▶ **Data records**:

━━━━

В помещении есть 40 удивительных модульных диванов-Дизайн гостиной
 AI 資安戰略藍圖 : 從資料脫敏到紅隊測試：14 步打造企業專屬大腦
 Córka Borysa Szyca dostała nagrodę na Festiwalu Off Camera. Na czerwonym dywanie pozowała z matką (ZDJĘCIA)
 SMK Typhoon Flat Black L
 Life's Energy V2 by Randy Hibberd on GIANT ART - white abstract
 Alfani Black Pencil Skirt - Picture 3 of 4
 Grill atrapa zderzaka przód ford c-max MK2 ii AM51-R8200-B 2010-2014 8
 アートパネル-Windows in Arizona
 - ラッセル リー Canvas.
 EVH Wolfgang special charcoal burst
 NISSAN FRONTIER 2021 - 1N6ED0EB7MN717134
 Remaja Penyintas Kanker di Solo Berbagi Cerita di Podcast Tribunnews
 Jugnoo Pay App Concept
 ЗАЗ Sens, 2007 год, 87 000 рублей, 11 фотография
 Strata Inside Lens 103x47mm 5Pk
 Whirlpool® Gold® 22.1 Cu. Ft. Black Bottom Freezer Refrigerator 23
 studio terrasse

━━━━

▶ **WORK INSTRUCTION**:
Please go through the data above and copy each line that has the word "Black".

▶ **OUTPUT FOR THIS EXERCISE**:
 SMK Typhoon Flat Black L
 Alfani Black Pencil Skirt - Picture 3 of 4
 Whirlpool® Gold® 22.1 Cu. Ft. Black Bottom Freezer Refrigerator 23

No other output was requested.